At stake is the state's credibility in other areas where a balanced view of science is important, such as predator control and oil spill cleanups, said Rick Steiner, a professor with the University of Alaska Marine Advisory Program.
Steiner filed a freedom-of-information request last month seeking records of the state's polar bear decision-making, including contacts between state officials and oil companies. He said he fears the state's position is driven by oil company concerns.
Fish and Game officials said a search of electronic records for polar bear and predator control communications would cost Steiner $468,784. Steiner is appealing.
RIPPLES OUTSIDE ALASKA
A federal listing of the polar bear as threatened could have far-reaching consequences, depending on the management plan drawn up to protect the bears.
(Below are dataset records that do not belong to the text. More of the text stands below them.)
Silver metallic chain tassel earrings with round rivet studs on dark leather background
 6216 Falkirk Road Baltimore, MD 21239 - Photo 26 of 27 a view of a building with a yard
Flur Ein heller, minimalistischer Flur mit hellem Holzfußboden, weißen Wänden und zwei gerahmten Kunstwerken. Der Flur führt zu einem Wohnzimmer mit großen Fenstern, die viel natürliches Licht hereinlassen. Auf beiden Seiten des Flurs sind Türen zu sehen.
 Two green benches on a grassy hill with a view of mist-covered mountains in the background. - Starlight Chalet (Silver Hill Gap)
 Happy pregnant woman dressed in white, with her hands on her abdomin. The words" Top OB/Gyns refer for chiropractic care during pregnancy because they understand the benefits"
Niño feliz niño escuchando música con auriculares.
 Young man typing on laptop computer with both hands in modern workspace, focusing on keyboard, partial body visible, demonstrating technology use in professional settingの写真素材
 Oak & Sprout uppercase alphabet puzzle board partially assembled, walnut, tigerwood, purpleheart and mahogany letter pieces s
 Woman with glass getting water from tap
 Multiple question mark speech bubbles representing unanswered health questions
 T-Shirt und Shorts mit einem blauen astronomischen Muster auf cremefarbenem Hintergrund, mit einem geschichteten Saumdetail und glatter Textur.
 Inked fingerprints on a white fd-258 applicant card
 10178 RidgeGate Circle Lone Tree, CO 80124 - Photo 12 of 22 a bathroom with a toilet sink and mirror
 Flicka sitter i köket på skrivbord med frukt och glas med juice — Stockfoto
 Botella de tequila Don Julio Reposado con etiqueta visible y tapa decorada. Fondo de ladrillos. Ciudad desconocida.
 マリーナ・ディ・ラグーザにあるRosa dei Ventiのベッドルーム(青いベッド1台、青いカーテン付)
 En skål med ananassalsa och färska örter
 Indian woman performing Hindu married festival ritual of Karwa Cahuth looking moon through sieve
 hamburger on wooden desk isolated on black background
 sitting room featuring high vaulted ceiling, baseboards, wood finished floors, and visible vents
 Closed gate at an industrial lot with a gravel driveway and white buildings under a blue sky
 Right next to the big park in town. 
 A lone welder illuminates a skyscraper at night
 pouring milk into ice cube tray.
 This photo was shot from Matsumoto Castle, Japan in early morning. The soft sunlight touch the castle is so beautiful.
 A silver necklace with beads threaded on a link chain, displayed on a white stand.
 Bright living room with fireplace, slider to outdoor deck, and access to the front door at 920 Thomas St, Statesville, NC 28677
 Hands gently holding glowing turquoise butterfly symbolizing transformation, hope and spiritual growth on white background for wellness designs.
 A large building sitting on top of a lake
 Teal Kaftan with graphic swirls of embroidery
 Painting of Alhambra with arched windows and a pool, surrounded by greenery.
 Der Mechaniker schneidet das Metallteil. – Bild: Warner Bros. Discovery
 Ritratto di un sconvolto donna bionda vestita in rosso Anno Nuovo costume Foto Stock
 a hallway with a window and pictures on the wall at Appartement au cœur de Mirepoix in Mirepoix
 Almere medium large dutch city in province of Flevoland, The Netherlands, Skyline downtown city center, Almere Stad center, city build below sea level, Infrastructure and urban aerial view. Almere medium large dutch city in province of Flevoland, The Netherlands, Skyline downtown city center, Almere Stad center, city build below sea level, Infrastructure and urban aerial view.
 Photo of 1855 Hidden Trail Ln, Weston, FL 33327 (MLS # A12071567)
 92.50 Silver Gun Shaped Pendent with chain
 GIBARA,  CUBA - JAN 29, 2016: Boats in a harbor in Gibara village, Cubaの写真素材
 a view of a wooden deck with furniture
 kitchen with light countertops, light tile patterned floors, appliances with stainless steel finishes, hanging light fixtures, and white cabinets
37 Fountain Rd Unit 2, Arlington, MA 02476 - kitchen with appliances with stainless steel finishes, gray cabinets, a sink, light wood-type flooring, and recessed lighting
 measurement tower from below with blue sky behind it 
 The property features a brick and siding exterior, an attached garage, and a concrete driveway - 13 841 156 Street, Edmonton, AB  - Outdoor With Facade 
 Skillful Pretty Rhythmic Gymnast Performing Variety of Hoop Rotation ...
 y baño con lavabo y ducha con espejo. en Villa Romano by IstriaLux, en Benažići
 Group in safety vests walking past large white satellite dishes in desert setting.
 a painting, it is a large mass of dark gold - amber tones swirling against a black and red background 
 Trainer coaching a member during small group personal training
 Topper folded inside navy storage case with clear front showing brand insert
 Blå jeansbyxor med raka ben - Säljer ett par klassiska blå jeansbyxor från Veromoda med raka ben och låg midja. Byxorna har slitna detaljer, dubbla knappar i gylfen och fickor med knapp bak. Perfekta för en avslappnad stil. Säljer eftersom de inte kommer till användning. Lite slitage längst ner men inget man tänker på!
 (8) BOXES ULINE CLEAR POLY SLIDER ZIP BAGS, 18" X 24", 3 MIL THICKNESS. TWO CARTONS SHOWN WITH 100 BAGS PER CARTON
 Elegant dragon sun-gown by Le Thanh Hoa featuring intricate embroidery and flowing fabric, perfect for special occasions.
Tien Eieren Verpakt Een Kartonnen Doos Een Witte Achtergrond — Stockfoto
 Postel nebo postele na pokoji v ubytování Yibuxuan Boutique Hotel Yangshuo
State officials have expressed concern about effects a threatened-species listing could have on international hunting agreements and future oil and gas development in the Arctic. Sen. Ted Stevens echoed those concerns this month, saying bear protections could interfere with construction of a gas pipeline from the North Slope. Rep. Don Young and Sen. Lisa Murkowski have also spoken against the listing, which has been cited by opponents of a pending federal oil lease sale in Alaska's Chukchi Sea.
Past oil drilling on northern lands has not hurt the polar bears, according to federal studies. Environmentalists counter that current interest in offshore Arctic drilling presents new risks, including oil spills into water.
An even bigger question, spreading far beyond Alaska, is: How will a management plan protect the bears from anticipated habitat loss? Will it focus on new protections for the last few bears on land? Or will it provide new leverage over federal permits for projects in the Lower 48, raising challenges on everything from new freeways to coal-fired power plants -- all in an effort to curb greenhouse gases?
"When I voted for the creation of the Endangered Species Act in 1973, I never envisioned that gas and coal plants in the deserts of Arizona could be adversely affected by the listing of polar bears in the Alaskan Arctic," Young said this month.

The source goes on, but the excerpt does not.